I don't think that your user account being UID 1000 is a problem. My UID is usually 1000, too. That's only in the host UID namespace, however. Unless you have explicitly arranged otherwise, the container is running in its own UID namespace. It doesn't know about "you", only the "elasticsearch" user, which is UID 1000 in that namespace.

[jeremycod]

I don't think that your user account being UID 1000 is a problem. My UID is usually 1000, too. That's only in the host UID namespace, however. Unless you have explicitly arranged otherwise, the container is running in its own UID namespace. It doesn't know about "you", only the "elasticsearch" user, which is UID 1000 in that namespace.

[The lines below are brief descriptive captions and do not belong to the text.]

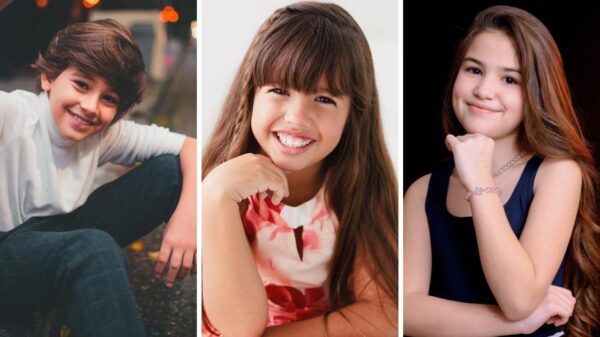 Pequenos grandes astros: conheça crianças e adolescentes que se destacam na TV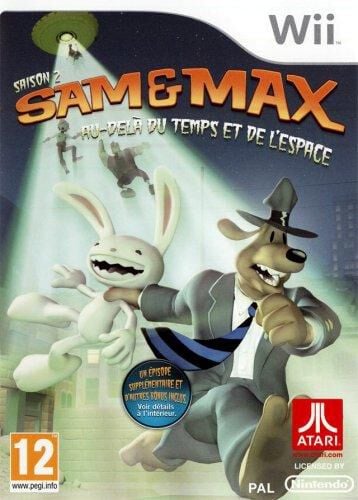 jaquette du jeu vidéo Sam and Max : Au-delà du temps et de l'espace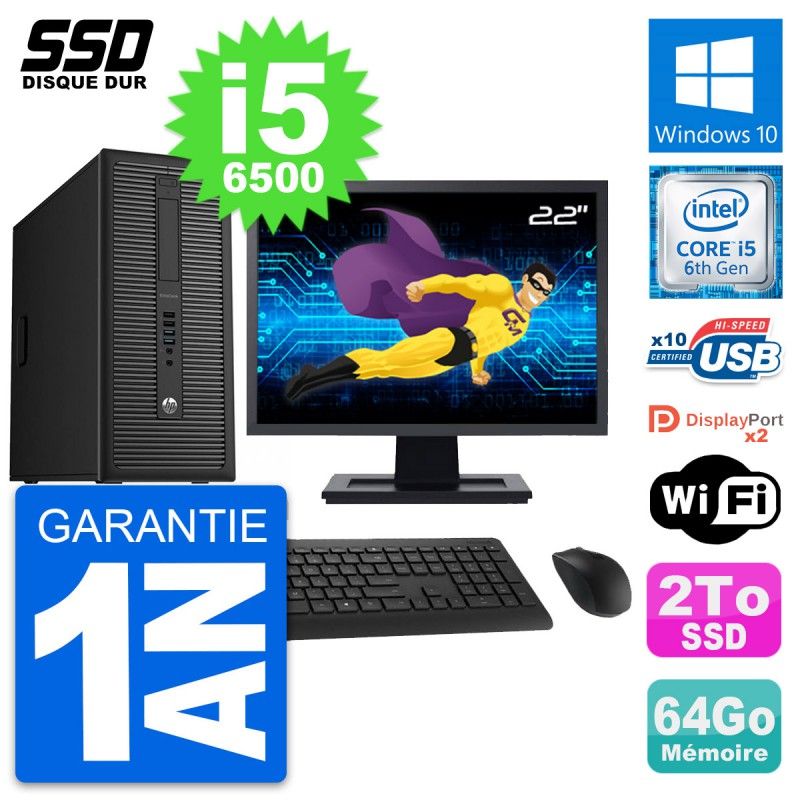 HP EliteDesk 800 G2 Desktop Computer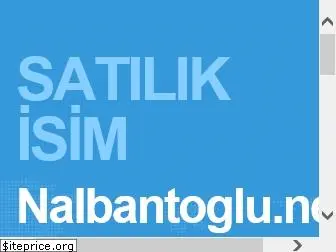 nalbantoglu.net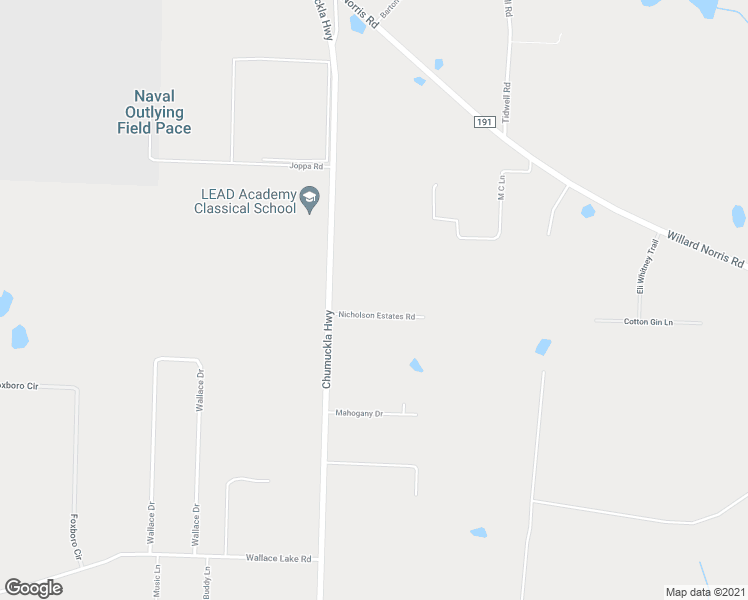 map of restaurants, bars, coffee shops, grocery stores, and more near 3436 Nicholson Estates Road in Milton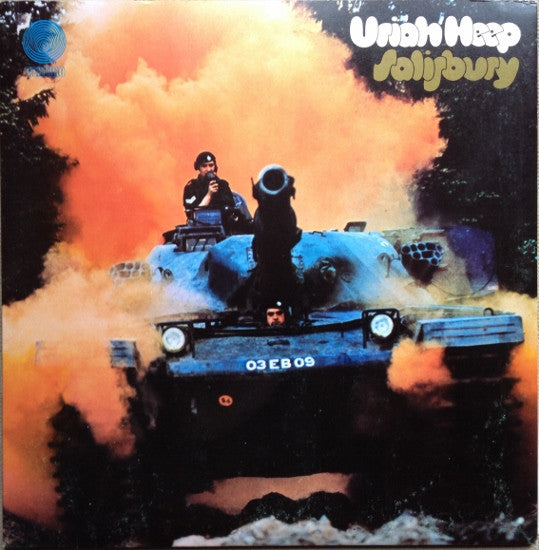 Uriah Heep  --  Salisbury     gatefold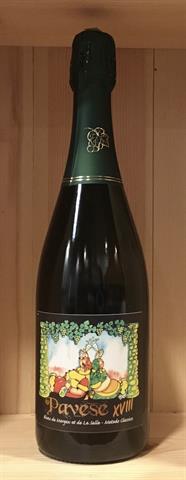 Ermes Pavese Blanc de Morgex et De la Salle Metodo Classico Pavese “XXIV” 2020
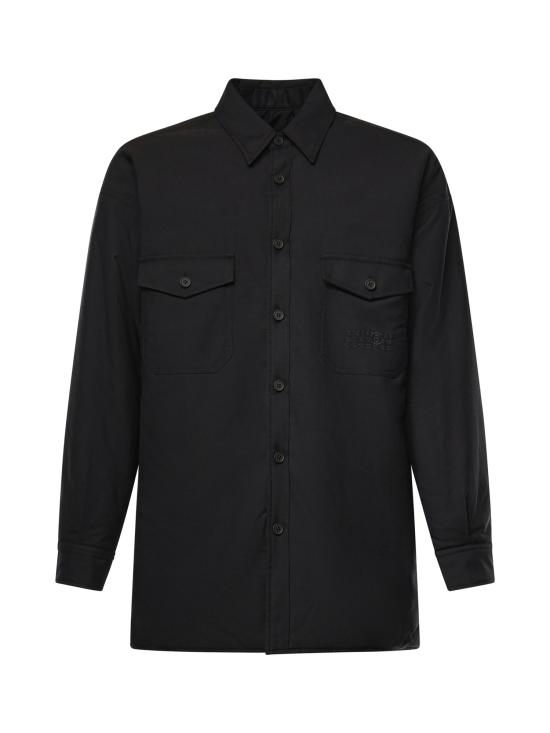 26FW MM6 메종마르지엘라 셔츠 SH0DT0045 MTN193962 Anthracite black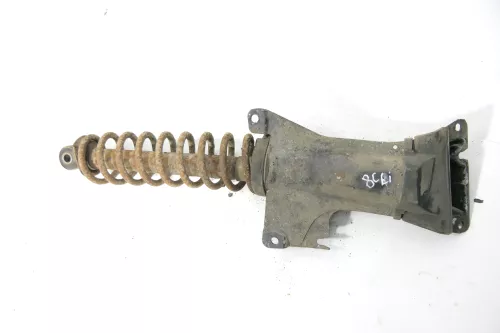 Audi 80 Stoßdämpfer hinten links Feder Federbein 8A0512341C Aufnahme Halter (141891)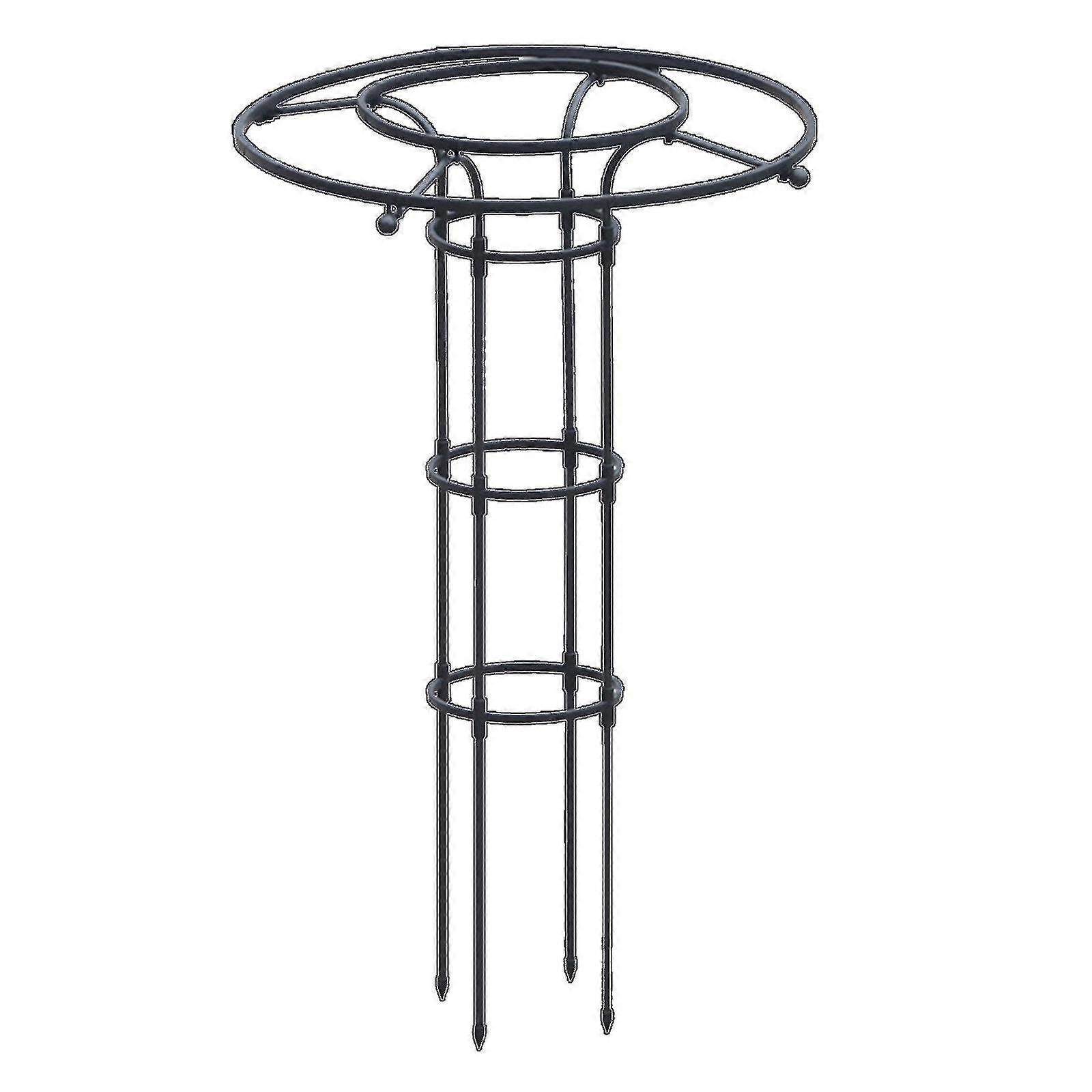 Gartenrankgitter Für Kletterpflanzen Und Blumen, Metall-pflanzenrankgitter Für Den Außenbereich Snngv(120cm )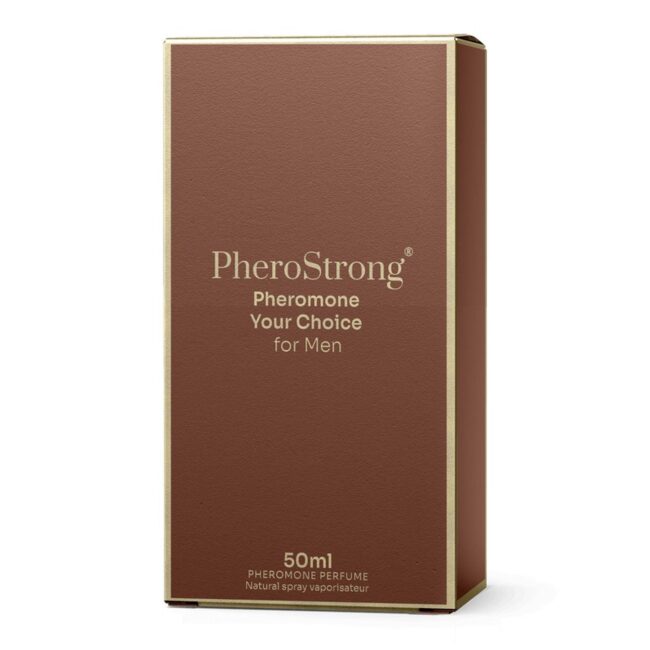 Pánsky parfum s feromónmi PheroStrong Your Choice for Men 50 ml – Obrázok 3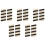 40PCS,2X20(40 Pin) Extra Tall Female 0.1 Inch Pitch Stacking Header for Raspberry Pi A+/B+/Pi 2/Pi 3 Extra Tall Header 1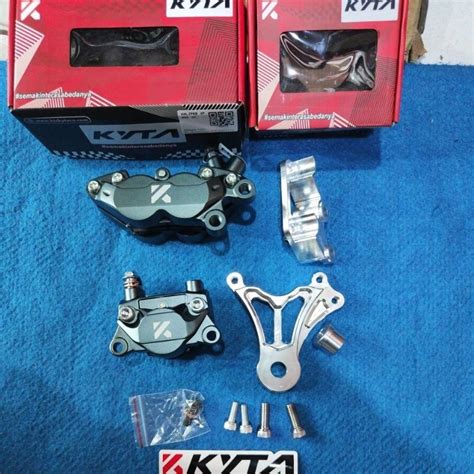 Jual Kaliper Ninja R Set Dpn Blkg Kr Ss Ktc Kytaco Brands Udah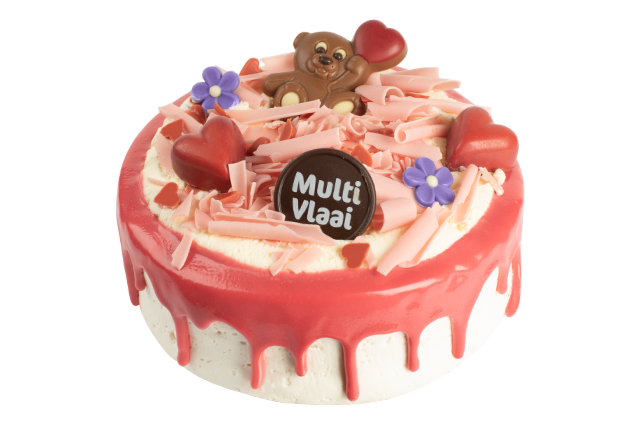 Moederdag Red Velvet Driptaartje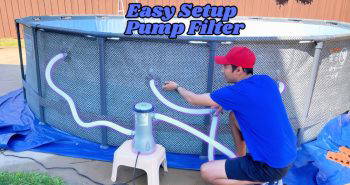 how to build a pool filter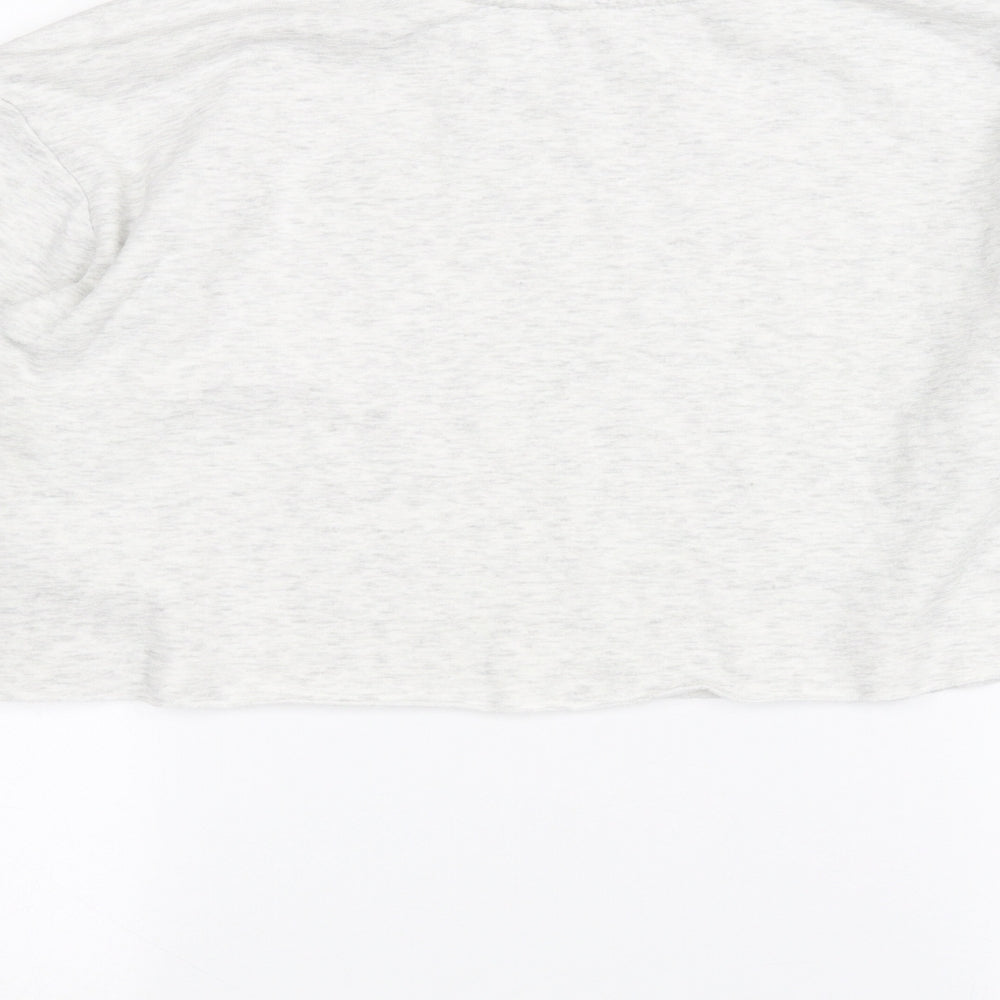 Womens UK Size S H&M White Pullover Jumper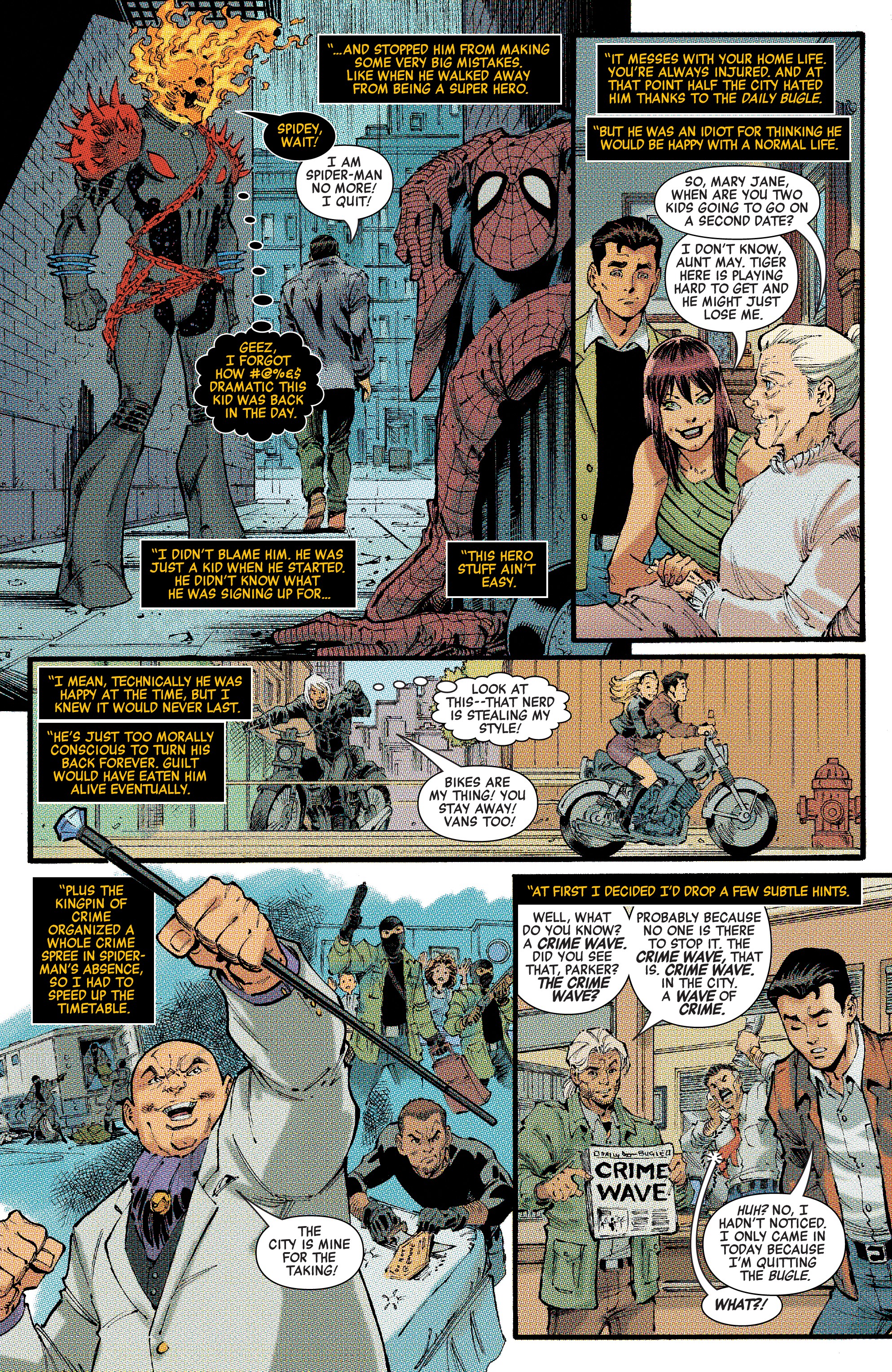 Read online Cosmic Ghost Rider Destroys Marvel History comic -  Issue #2 - 8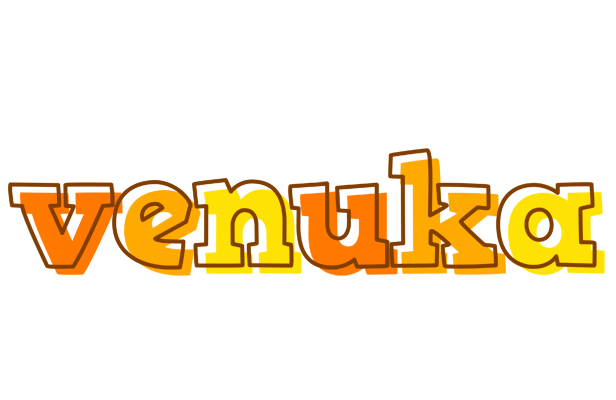 Venuka desert logo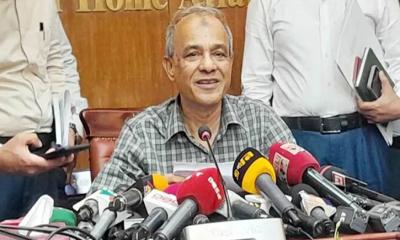 আইন-শৃঙ্খলা পরিস্থিতি আগের চেয়ে অনেক ভালো : স্বরাষ্ট্র উপদেষ্টা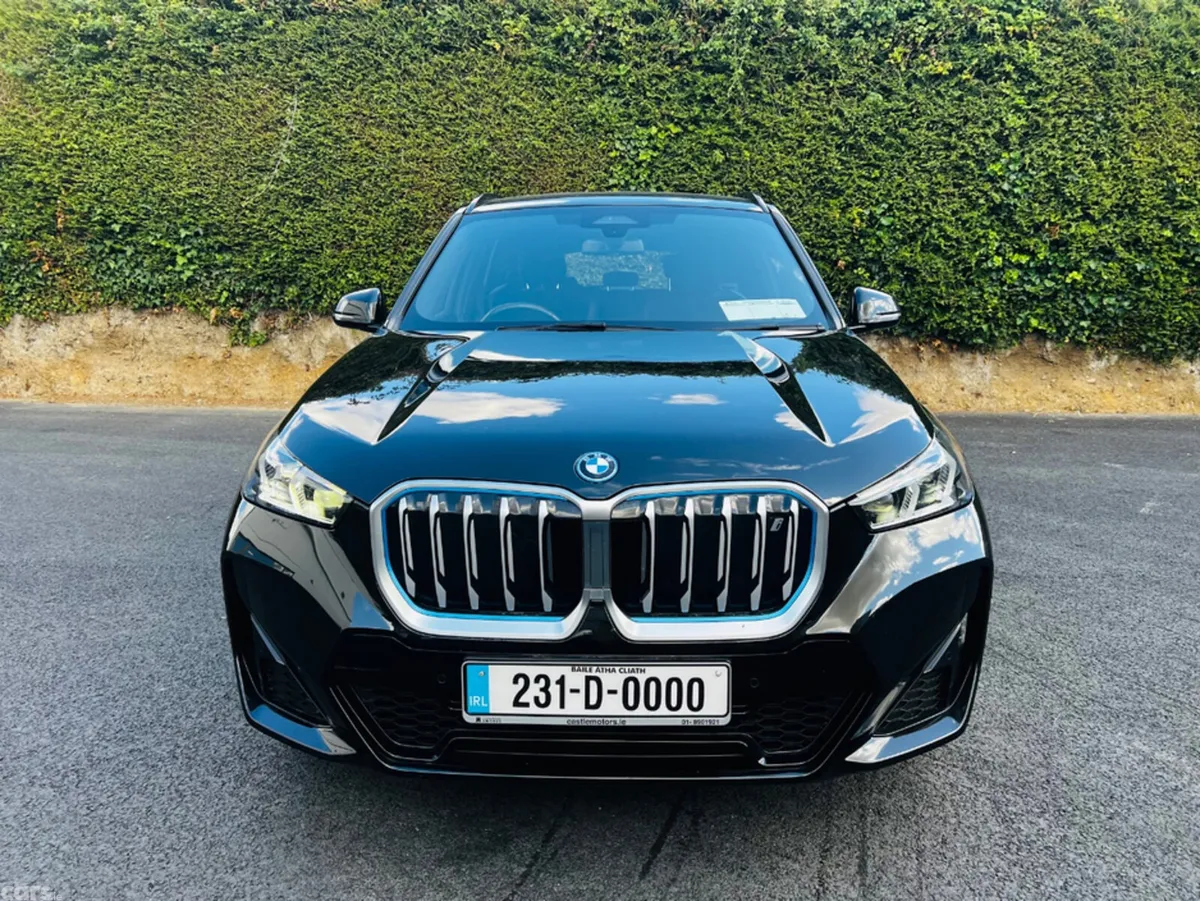 BMW iX1 Estate, Electric, 2023, Black
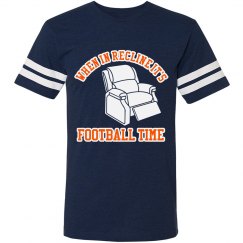 When in recline it's Bears time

I'm not sure how it is possible that container is not aware of host user. These files are on the host machine, and when I change ownership to 1000, it is assigned to my username. For me, it doesn't make sense that docker container can override the ownership of the files that live on host machine and which is assigned by host OS, and take the ownership on the files. I'm not an expert for docker, so I can't claim this for sure. It's just my thought.

[jarpy]

I'm not sure how it is possible that container is not aware of host user.

It's all about Linux namespaces. These are really the essence of containers. The PID namepace is also really important, for example. That's how your process can think it's PID 1 inside the container, but can also be seen as some other number outside. UIDs within the container are completely separate from those on the host. That model does break down a little, however, if you share a filesystem between the host and the container. Then, you have to start worrying about matching up the UIDs. We recommend that people avoid sharing filesystems if possible and instead use storage that is dedicated to the container, like Docker named volumes (which you are doing).

If there are any existing file in those volumes, then it's best to make them UID:GID 1000:0. The presence of a host user with UID 1000 has no effect. Better still, just recreate the volumes and let Elasticsearch create the files it needs. I assume there is no data in them, since the process won't start?

What is the exact error that you are seeing?

[rjernst]

This issue hasn't had any feedback in 6 months. Additionally, maintenance of the docker files for elasticsearch has moved to the elasticsearch repo. Please open any new bug reports there. As we will be archiving this repository, I am going to close this issue.